We are making these changes so that we can continue providing the key benefits that our customers use and value most at no additional cost. This change requires no action on your part. See FAQs under Card Benefits for answers to Frequently Asked Questions regarding these changes.
As a cardmember, you will continue to receive a range of other card benefits including FICO® Credit Score, Citi® Identity Theft Solutions, and Citi Entertainment. In addition, we will soon be announcing exciting new card benefits.
How does this effect Card Valuations?
This is a massive blow to the value of effected cards. As of filming, we know the Citi Prestige and Premier, Citi American Airlines AAdvantage cards, Citi Dividend, Citi Doublecash and AT&T Access cards are all being affected.

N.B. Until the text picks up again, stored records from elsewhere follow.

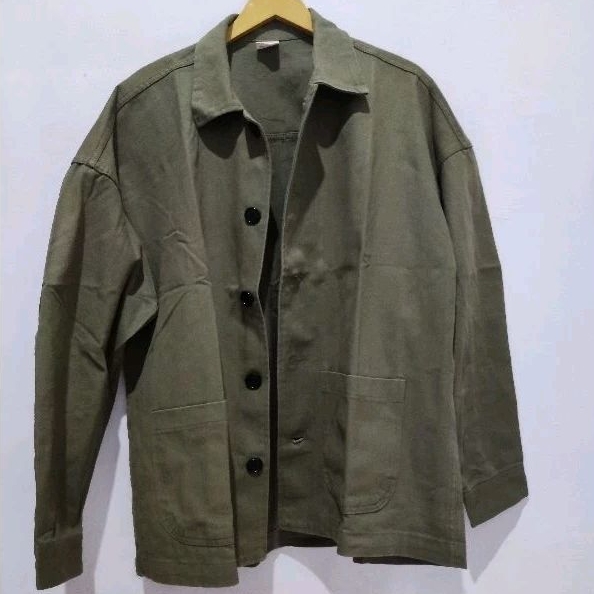 Cracker jaket denim pria size XL hijau army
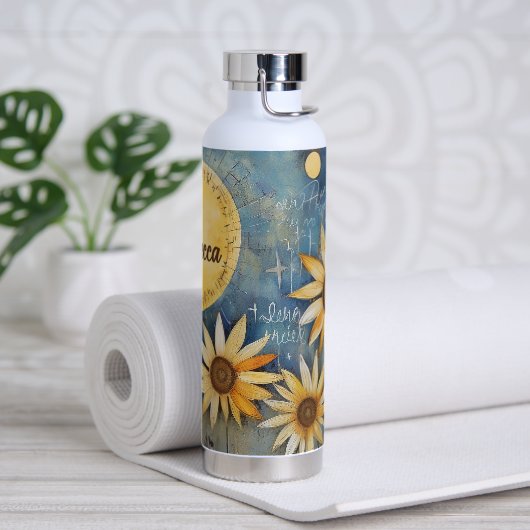 Whimsikale Sonnenblumen und Sonne Trinkflasche (Yoga)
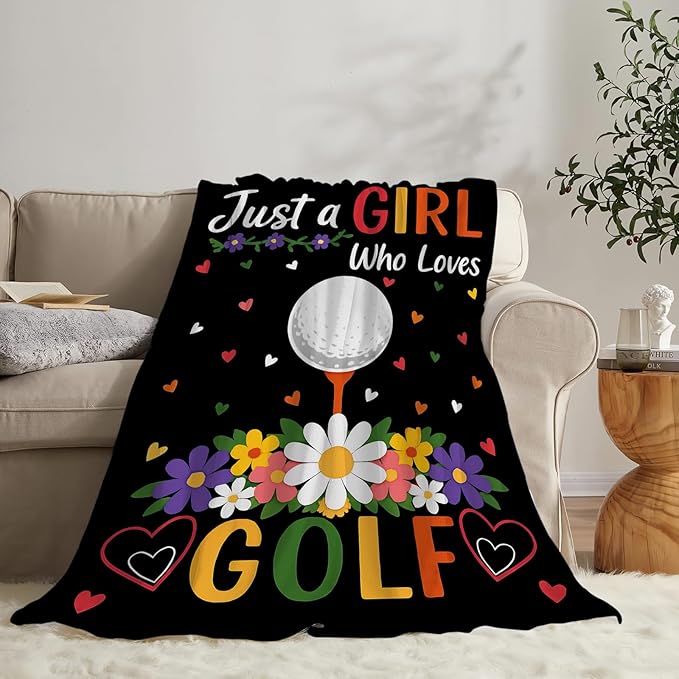 Golf Fleece Blanket Sports Golfing Throw Blankets for Girls Women Golfers Super Soft Warm Flannel Throws Gifts for Kids Adults Cozy Fuzzy Plush Stuffed Couch Bed Bedding Decor 50"X40"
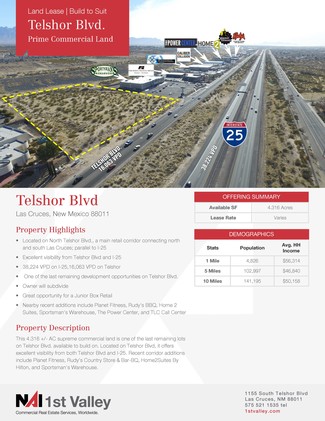 More details for Telshor Blvd, Las Cruces, NM - Land for Rent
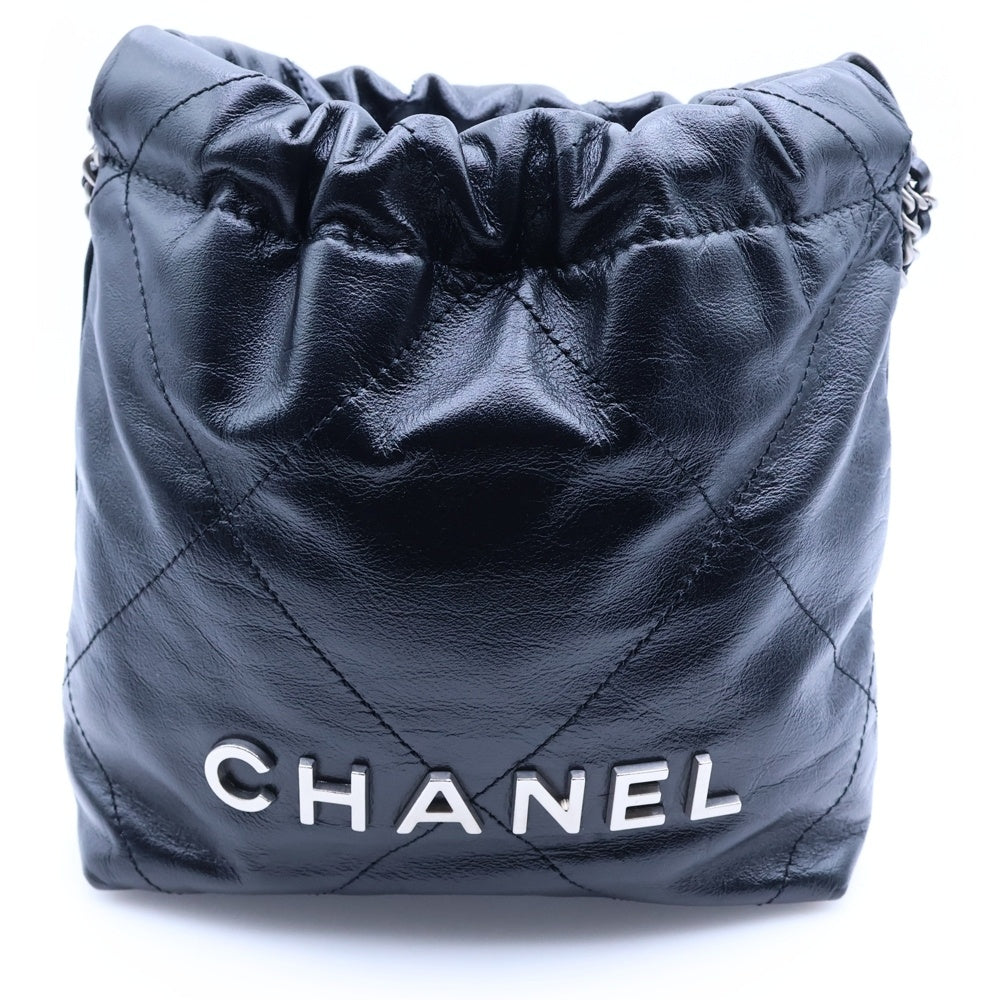 CHANEL(シャネル) シャネル22 ミニ ラムスキン ショルダーバッグ ブラック シルバー金具 レディース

The most mind-boggling thing to consider here is that some of the best travel-related protections are being removed from cards that specifically target the travel-centric crowd. I just get a sense that either Citi thinks their clients are really dumb, or they’re hoping this goes un-noticed. When pressed by TPG, Citi responded:
Citi continuously evaluates our products to ensure that associated benefits best meet the needs of our customers. Due to sustained low usage, we will no longer offer select credit card benefits such as Citi Price Rewind and Trip Cancellation & Interruption Protection as of September 22, 2019 so that we can continue providing key benefits our customers use and value most at no additional cost.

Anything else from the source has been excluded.